# New Golden Sun DS avatar and sig



## granville (Jun 8, 2009)

Well Golden Sun DS has been announced, so I guess it was high time I changed my sig. With my noob Gimp skills, I still managed to at least make this. So look at my new sig and avatar and tell me what you think. I managed to resize the art best I could. But the aspect ration was not rectangular enough. So I spliced part of the original art to make a longer backdrop, blended it into the middle image and added some words and the new GSDS logo. I've had this sig and avvy for a day now, but I wanted to see what everyone thought. I never change my sig anyways so it's a big deal. XD


----------



## Lubbo (Jun 8, 2009)

i love the sig i am also a golden sun huge fan


----------



## Splych (Jun 8, 2009)

Nicee. I know granville is a fan of Golden Sun. Remember you used to have an old Golden Sun Avatar.


----------



## Toni Plutonij (Jun 8, 2009)

Sweet man, I love it.....Very nice replacement for the previous ones!

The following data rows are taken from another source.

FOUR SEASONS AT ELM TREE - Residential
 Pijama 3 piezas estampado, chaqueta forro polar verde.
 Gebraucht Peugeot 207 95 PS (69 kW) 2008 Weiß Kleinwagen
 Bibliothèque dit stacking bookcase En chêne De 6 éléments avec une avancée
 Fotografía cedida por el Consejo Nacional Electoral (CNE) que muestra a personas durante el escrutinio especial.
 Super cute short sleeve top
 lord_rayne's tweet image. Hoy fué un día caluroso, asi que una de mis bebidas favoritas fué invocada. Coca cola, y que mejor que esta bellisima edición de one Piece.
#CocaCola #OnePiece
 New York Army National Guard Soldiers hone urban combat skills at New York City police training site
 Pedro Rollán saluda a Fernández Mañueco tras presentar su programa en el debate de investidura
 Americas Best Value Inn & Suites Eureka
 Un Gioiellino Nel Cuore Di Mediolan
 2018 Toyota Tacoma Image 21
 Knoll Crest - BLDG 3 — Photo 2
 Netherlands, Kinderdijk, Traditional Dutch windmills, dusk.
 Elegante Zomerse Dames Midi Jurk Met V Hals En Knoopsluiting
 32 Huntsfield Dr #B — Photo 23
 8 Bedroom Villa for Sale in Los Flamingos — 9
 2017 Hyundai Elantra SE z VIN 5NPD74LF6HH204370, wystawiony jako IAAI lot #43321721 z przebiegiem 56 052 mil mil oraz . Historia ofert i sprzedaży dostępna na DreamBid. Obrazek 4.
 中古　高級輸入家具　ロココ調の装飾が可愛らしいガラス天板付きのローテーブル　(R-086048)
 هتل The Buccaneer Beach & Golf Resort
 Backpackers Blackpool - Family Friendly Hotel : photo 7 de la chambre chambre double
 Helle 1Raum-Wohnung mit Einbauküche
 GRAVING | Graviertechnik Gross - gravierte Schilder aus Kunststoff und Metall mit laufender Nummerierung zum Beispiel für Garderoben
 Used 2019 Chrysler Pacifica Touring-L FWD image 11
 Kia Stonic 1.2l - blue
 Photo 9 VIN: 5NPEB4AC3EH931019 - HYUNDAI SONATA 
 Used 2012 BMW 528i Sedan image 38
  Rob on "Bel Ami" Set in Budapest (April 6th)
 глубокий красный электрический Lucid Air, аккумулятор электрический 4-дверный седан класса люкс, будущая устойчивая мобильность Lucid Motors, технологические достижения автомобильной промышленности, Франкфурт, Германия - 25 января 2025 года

I'm a great great GS fan aswell..however, I have a bit different style for personal avatars and sigs


----------



## Cavedude (Jun 8, 2009)

Looks wonderful mate ; )


----------



## dinofan01 (Jun 8, 2009)

I love the avatar. The sig is cool but IMO needs work. What your going for is great but maybe get use to GIMP more and work on it.


----------



## iPikachu (Jun 10, 2009)

i like it 
	

	
	
		
		

		
		
	


	



i cant even do those type of sigs.


----------